Несколько минут стояла полная тишина. Первым опомнился Олег.
– Петя, что и говорить, «скелет в шкафу» ты нашёл. Я точных дат не помню, но первое впечатление – по меньшей мере, двоемужество налицо. Или она успела развестись, когда за Мухаммедшина выходила? Не знаю, сказалось всё это на Эрне или нет. Такие вещи тогда могли очень просто кончиться тюрьмой. За связь с иностранцем…
– Пётр Андреевич, Олег Николаевич, подождите, что-то не то! – Луша включила компьютер, нашла дело Эрны и биографическую справку. – Ну конечно! Я сразу засомневалась, и вот, взгляните! Это не может быть тот самый ребёнок. Эрна Александровна гораздо моложе. Она же пятьдесят пятого года рождения.
– Лу, ты умница. Ты права. А я эмоциональный болван. Самое смешное, я это тоже помнил. Но вот же не сопоставил. Просто загорелся, как солома. Фантазия включилась, словно фонтан. Я напридумывал такие роскошные последствия! – расстроено протянул Синица.
– Петь, не огорчайся. Ты поторопился. История такая красивая и… А чем она кончилась, ты не знаешь? Это ведь не всё? – Олег указал на выписки.
– Видишь ли, оказалось, у Риты Нестеровны был настоящий архив. Требуется уйма времени. А Анита не может себе позволить столько читать. Она и сама под огромным впечатлением. Как дошла до этого места, так давай мне скорей звонить! Я прикатил, она мне отдала материал, и бежать по делам. Да, и знаешь, что…
– Эврика! – Пётр хлопнул себя по лбу, – а ведь Анита среагировала так же, как я! На нас словно какое-то затмение нашло.
– Как, неужели она тоже возраст не посчитала? – изумилась Луша.
– Вот именно! И это несмотря на их давнее знакомство. Она мне всё твердила: «Эрна – дочка этого Эрнста! Петя, ты подумай, теперь я понимаю, Кира назвала её в его честь. Не зря мама говорила, что Эрна не в мать не в отца!»
– Вы оба зафиксировали только ключевую информацию. И исключили фон. В цирке это очень опасно. Можно при прыжке с трапеции…, – начала Луша.
– Как говоришь, она сказала? – задумчиво перебил её Олег, – «Петя, ты подумай?» Это что же, вы со свидетельницей Таубе уже на «ты»? А если она окажется замешана? Как хочешь, это не дело!
– Свидетельница Таубе, свидетельница Таубе! – Пётр вскочил и забегал по комнате. – Что ты порешь? Мы должны раскопать это дело. Найти родственников. Близких не осталось? Найти дальних! До сих пор никаких успехов. Все нити обрываются. Всё ведёт в тупик. И вдруг такой след!
– Но мы же только что убедились, это не она, – растерянно возразил Олег.
– Да! На этот раз ребёнок была не Эрна. А что потом? Вы верите, что её имя – простое совпадение? Нет, я добьюсь, мы сначала извлечём всё возможное из писем. Вытрясем подробности из родных. А потом, я совершенно уверен, надо ехать.
Он остановился перед книжным шкафом, открыл дверцы, вытащил большой тяжеленный атлас и принялся его листать.
– Куда ехать, Пётр Андреевич? – спросила Луша, заворожённо следившая за манипуляциями шефа с чёрным фолиантом.
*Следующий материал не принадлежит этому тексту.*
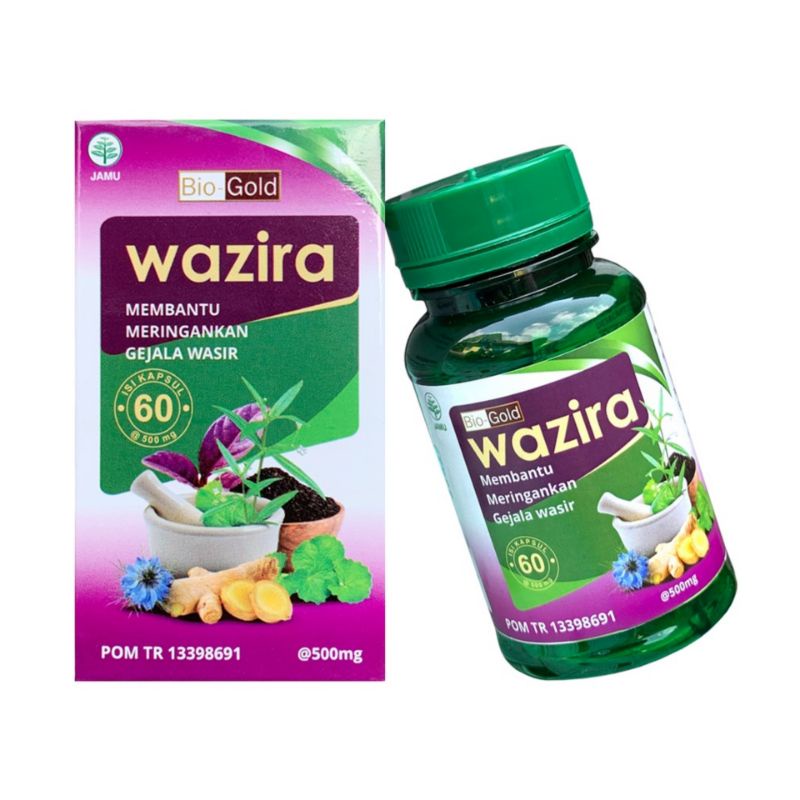 WAZIRA Obat herbal meringankan gejala wasir, ambeien susah bab asli 60 kapsul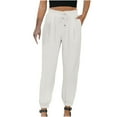 thumbnail image 1 of VSSSJ Women's Cotton and Linen Pants Regular Fit Solid Color Drawstring Elastic Waist Straight Long Pants Casual Comfortable Soft Trousers White L, 1 of 9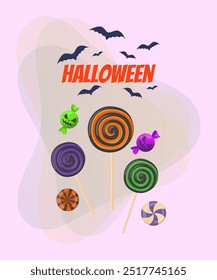 Candies and sweets for Halloween treats. Halloween lettering with flying bats on abstract background. Celebration, party concept. Vector illustration for invitation, banner or poster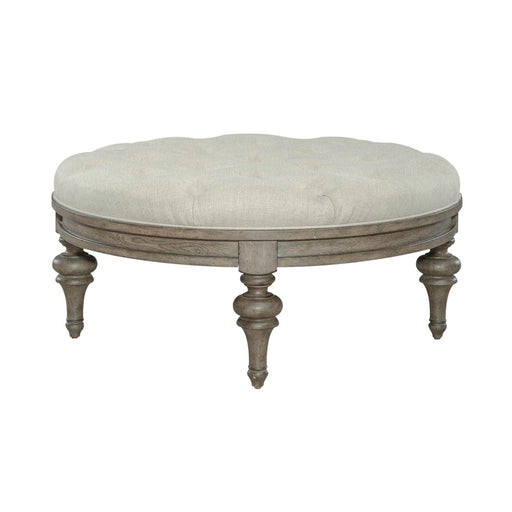 Americana Farmhouse - Round Cocktail Ottoman - Dusty Taupe – Coffee Table Ottomans by Liberty Furniture at Furniture Wholesale Plus , Nashville furniture store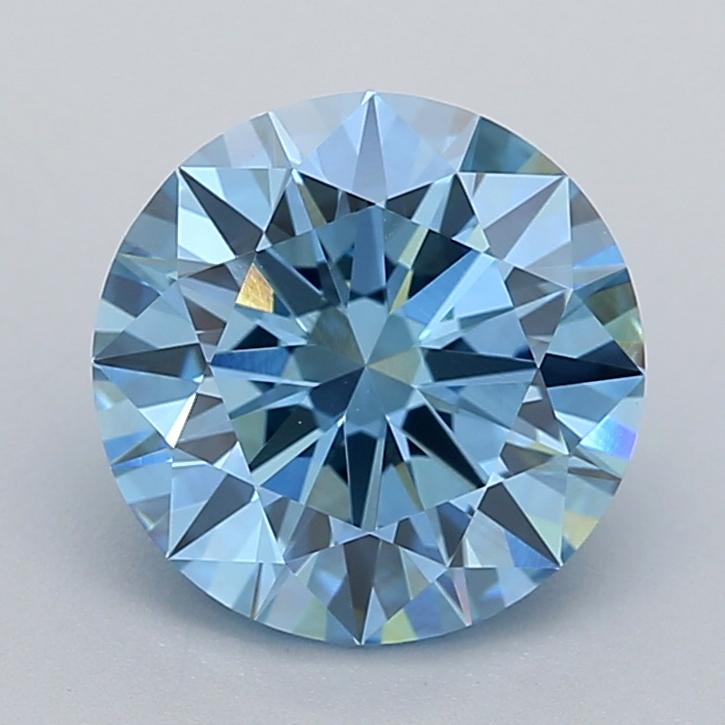 2.14 Ct. Fancy Vivid  Blue Round Lab Grown Diamond
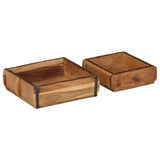 Vassoio 2 pcs Marrone 29 x 31 x 10 cm Legno Recuperato Massello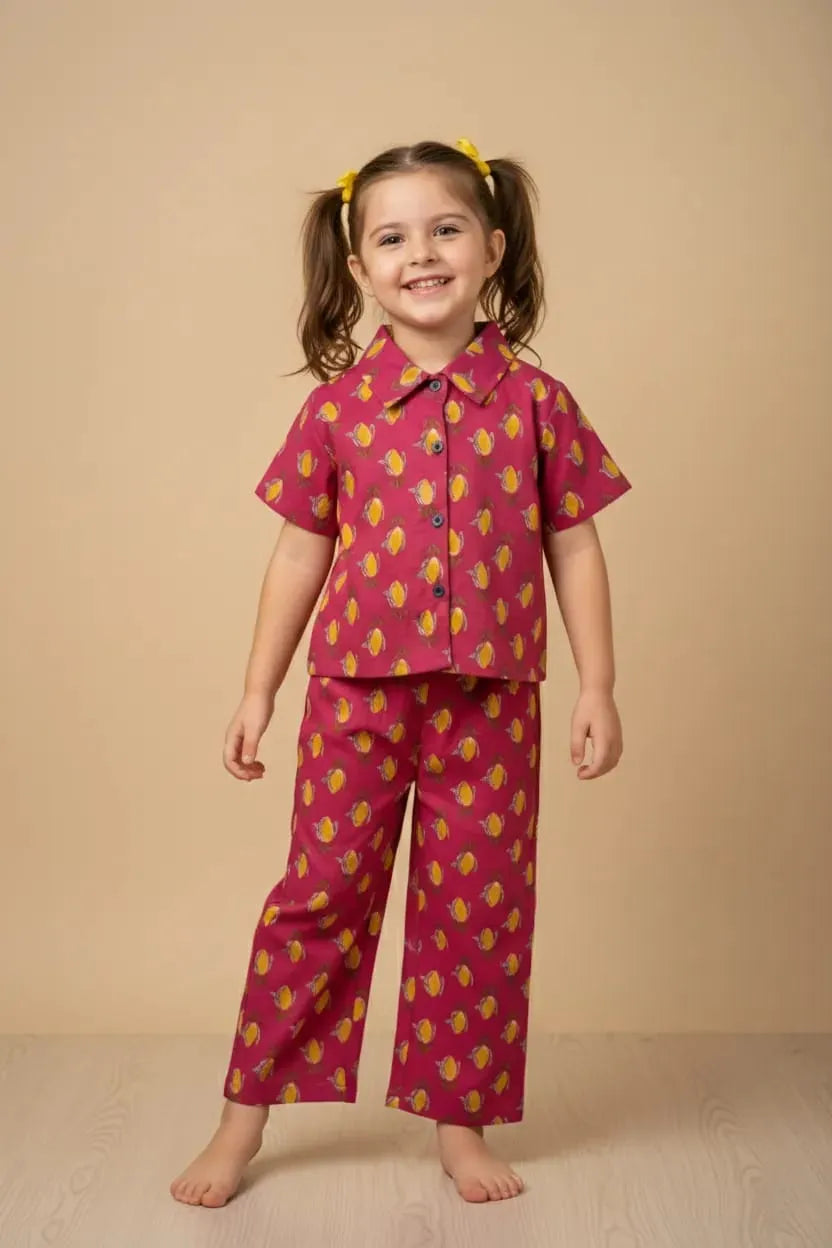Pink cotton crop top and palazzo set for girls 2-12 years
– Как куда? В Эльзас, конечно! Мы же знаем, как француза зовут, знаем, что была сделана запись в церковной книге. А война, слава богу, кончилась. Значит, книга обязательно должна сохраниться!
– Петр Андреевич, только имя без фамилии… – заметила Луша
– Действительно! Мы знаем только, что это летчик из Эльзаса. Эльзас, наверно, большой! – поддержал ее Олег.
Но Петр был слишком увлечен. Он только отмахнулся. И со словами, «погодите ребята, не все сразу», возбужденно продолжил.
– Эх, жалко, французского никто из нас не знает. Для начала, хорошо бы в интернете пошарить, по телефону с муниципалитетом, скажем, поговорить. Или с мэрией? Я знаю, что в Англии графства, а во Франции? Ну, ничего. Это понятная задача. Найдём толкового сотрудника с языком, и пусть разбирается. Теперь ясно, что надо делать. Олег, возьми нашу картотеку и займись. И Лукерья – живо родственников мне Паскевичей до седьмого колена вынь да положь! В темпе вальса! А вы как думали? Ишь какие, рыжики они солёные захотели!